Content starts
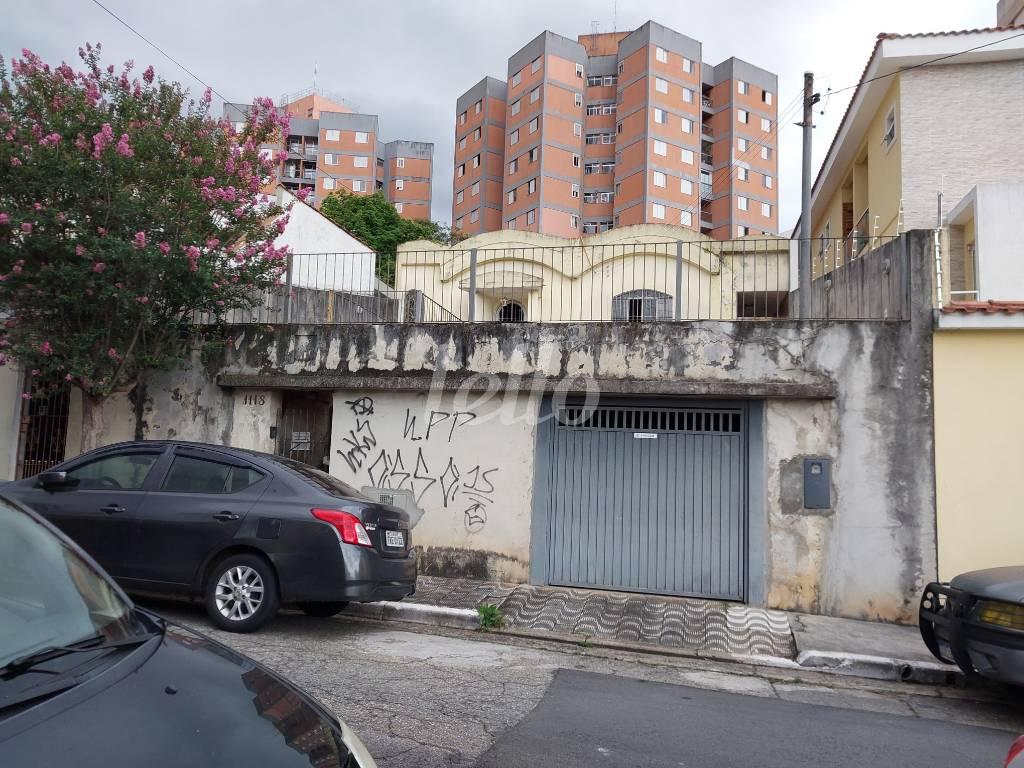 FACHADA de Casa à venda, assobradada com 264 m², 4 quartos e 2 vagas em Vila Aurora - São Paulo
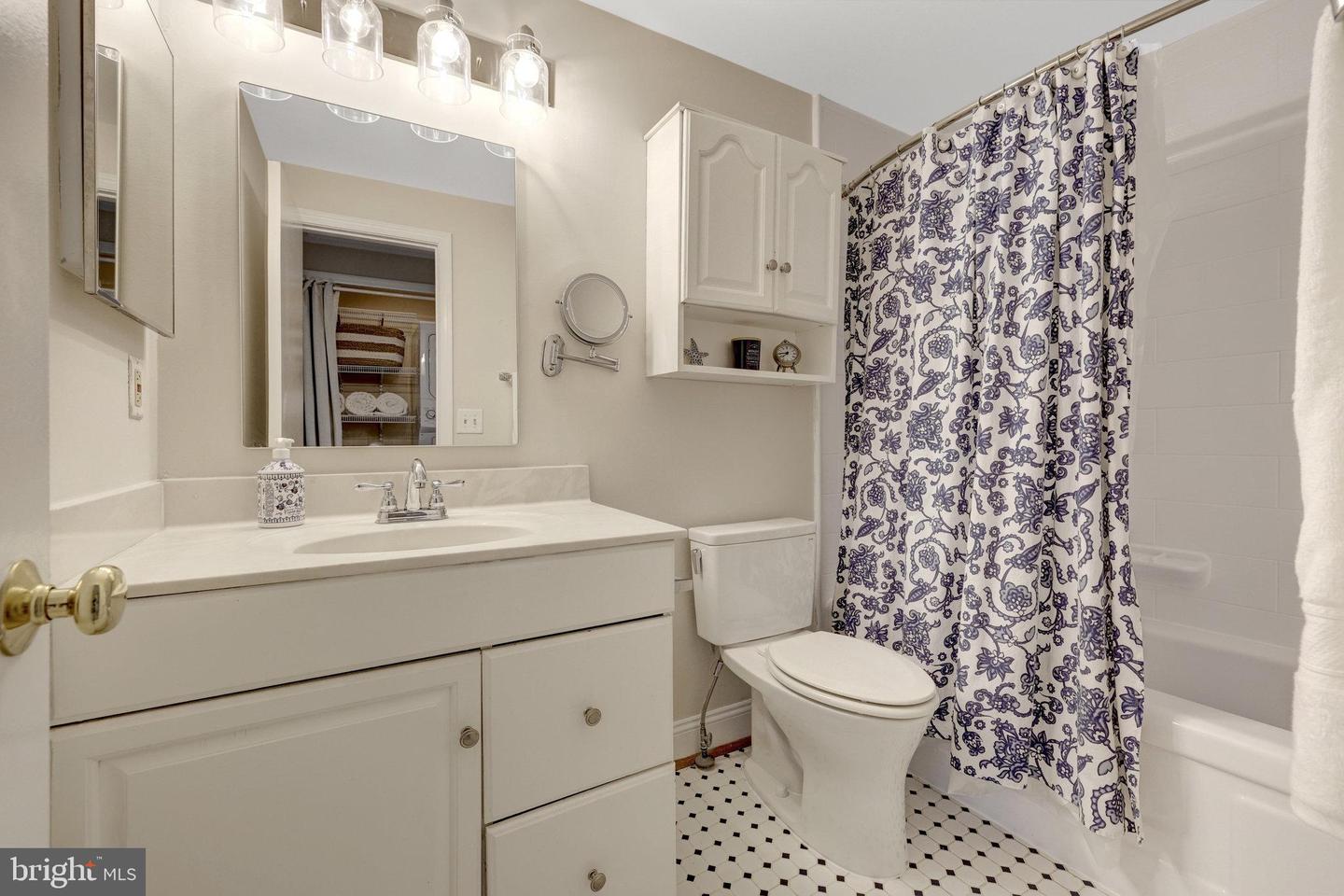 43 SOUTHALL CT, STERLING, Virginia 20165, 2 Bedrooms Bedrooms, ,1 BathroomBathrooms,Residential,For sale,43 SOUTHALL CT,VALO2099576 MLS # VALO2099576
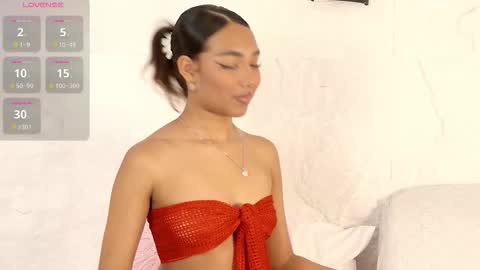 zoeameliie online show from February 2, 2026, 10:19 pm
Content ends
*Work item*: Copy out the listing word for word and skip its pictures.

*Exercise result*:
 FACHADA de Casa à venda, assobradada com 264 m², 4 quartos e 2 vagas em Vila Aurora - São Paulo
 43 SOUTHALL CT, STERLING, Virginia 20165, 2 Bedrooms Bedrooms, ,1 BathroomBathrooms,Residential,For sale,43 SOUTHALL CT,VALO2099576 MLS # VALO2099576
 zoeameliie online show from February 2, 2026, 10:19 pm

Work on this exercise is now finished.